Another way to look at this is, are there really stupid people, or just people who do stupid things? Well, I know for sure the latter is true. I have even witnessed people I would not consider to be stupid doing stupid things, so definitely there are people who do stupid things. Perhaps whether or not anyone actually is “stupid” is irrelevant. But I digress.

It seems to me that any comprehensive worldview, any theory that attempts to “explain it all,” needs to take into account the infinite human capacity for stupidity. Though many of us like to raise our heads and lift our hearts with visions of the noblest acts of humanity, this is really just the equivalent of spraying air freshener in a befouled bathroom… no matter how advanced we become as a society, some of what we do still stinks.

So we are left with somewhat more complicated questions: Why are we here — in an overcrowded world with a bunch of people who hate each other for no good reason? What is the meaning — of all of the stupid, mindless actions that clutter our striving for a complete and satisfying life? What kind of God would create such a beautiful world and then fill it with creatures who seem hell-bent on ruining it?

The televangelists are starting to make sense to me now.

Freeway to Hell

As a resident of a major metropolitan area (presently it’s Atlanta, although in the past I’ve called both Los Angeles and Minneapolis home as well), I naturally spend a more-than-desirable amount of time dealing with less-than-desirable circumstances of living in close proximity to millions other people. Granted, the daily frustrations of urban life are an easy target for a rant, and I am striving for creativity here. Consider this a purging of the system so I don’t have to bring this up ever again.

The most obvious nuisance of life in a large city, particularly if it’s a city whose population grew significantly after the advent of freeways is, of course, traffic. I could veer off into a dry and potentially-controversial, were it not so mind-meltingly boring, treatise on the ills of our society that have led us into such a situation, but I believe a rant is not really a rant if it carries a relevant (or for that matter, even a merely coherent) message. So on to traffic.

I have ridden in cars before with drivers who, as incomprehensible as it is to me, do not seem to care about getting to their destination in absolutely as short a time as possible. I always suspect they are newcomers to “big city” life, but chances are they just possess greater control over their emotions than I do.

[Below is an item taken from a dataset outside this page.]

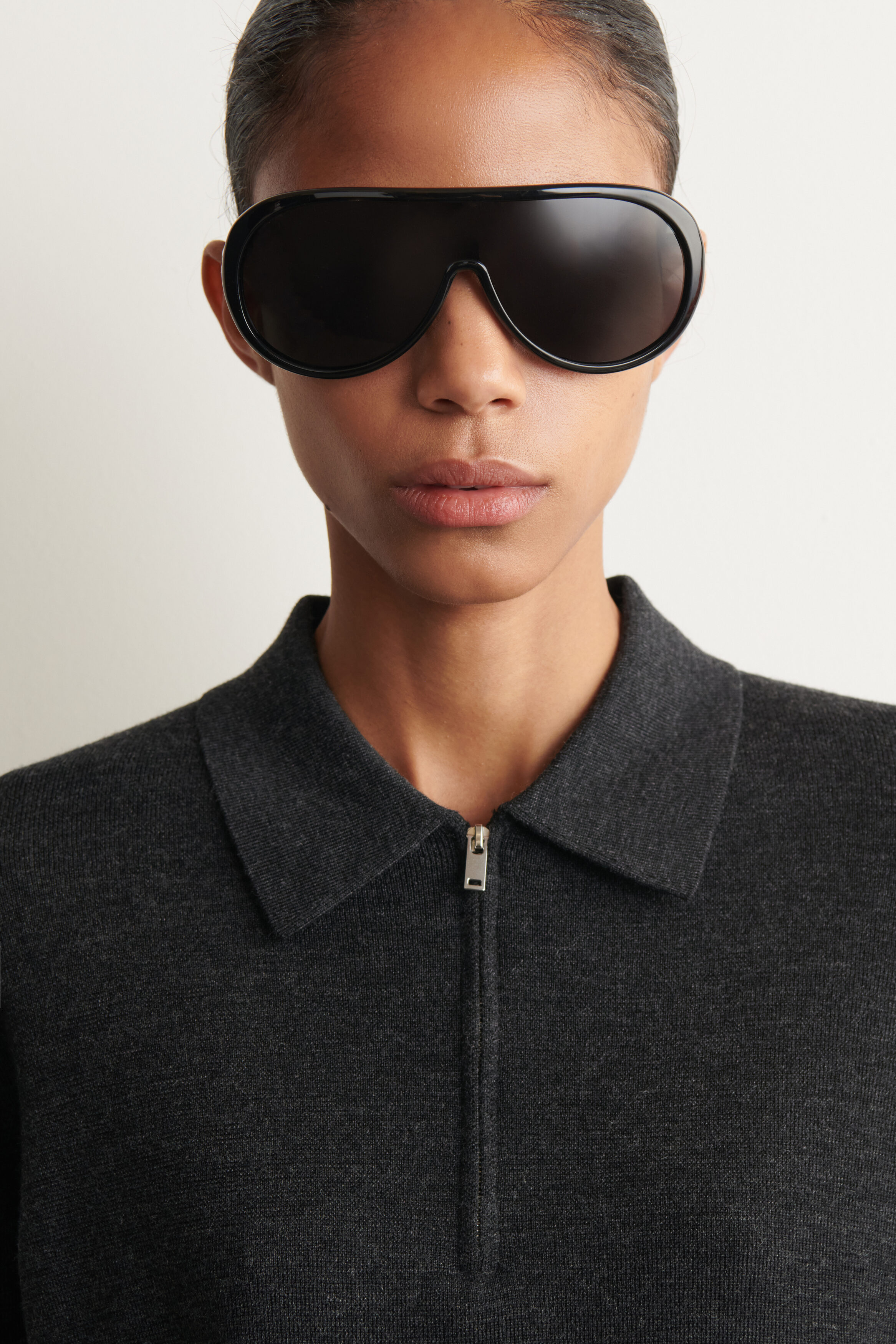 MERINO WOOL ZIP-UP POLO SHIRT - CHARCOAL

At any rate, the time I spend nervously twitching in their passenger seats is split in roughly equal proportions between a somewhat ironic jealously over their apparent zen-like state, which I by my very nature seem destined never to attain, and a deep, visceral compulsion to lunge across the parking brake and push the accelerator to the floor with my bare hand.

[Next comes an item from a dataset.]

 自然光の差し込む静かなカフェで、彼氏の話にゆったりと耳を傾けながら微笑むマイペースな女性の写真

Anyway, since I (naturally) have little patience for riding with people who have more patience than I do, my encounters with these parkway pacifists usually come when I am behind the wheel, in the form of my rapid approach to their rear bumpers. This is my real frustration with traffic… there are just some people on the road who don’t care about keeping pace, no matter how much those of us behind them tailgate, flash our lights, blast our horns, raise certain fingers in colorful gestures, or turn on our cruise control, climb out our driver-side windows, jump onto their trunks, climb in their passenger-side windows, and indulge our deep, visceral compulsions to lunge across the parking brake and push their accelerators to the floor with our bare hands.

All of this staring at rear bumpers during rush hour seems to have a secondary, interesting effect, at least on me. I have developed a completely relative sense of speed. I really, honestly, have no sense of how fast I am driving anymore, except in terms of my speed relative to the other cars on the road. And I have one simple goal: I need to be going just a little bit faster than any other car I see around me. This can become truly dangerous at times of lighter traffic, such as this past Saturday morning, when, headed southbound on I-285, I looked down at my speedometer in utter amazement to discover myself driving 92 MPH. (Did I mention the 55 MPH speed limit on that road?)

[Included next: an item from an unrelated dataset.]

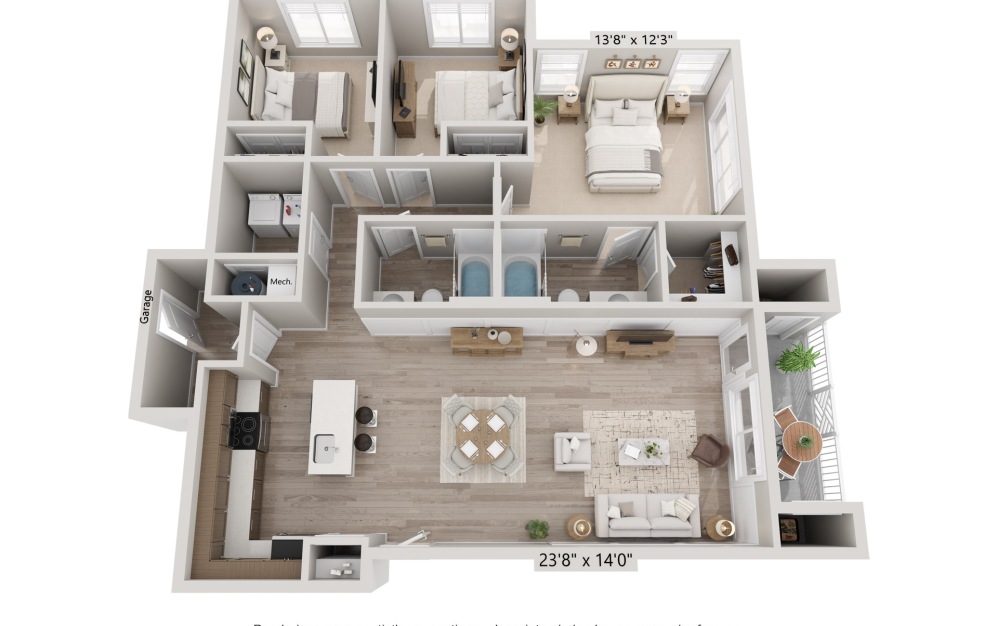 3A-Garage - 3 bedroom floorplan layout with 2 bathrooms and 1287 square feet (Floorplan)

Alas, I’m learning too late that one small rant cannot possibly contain all of my obvious, clichéd frustrations with the transportation woes of modern urban life. I’ve barely even scratched the surface of my own mild affliction with terminal road rage. Once the boiling blood in my brain and sour bile in my throat have receded enough for me to be able to see and comprehend the computer keyboard again, I will file another installment.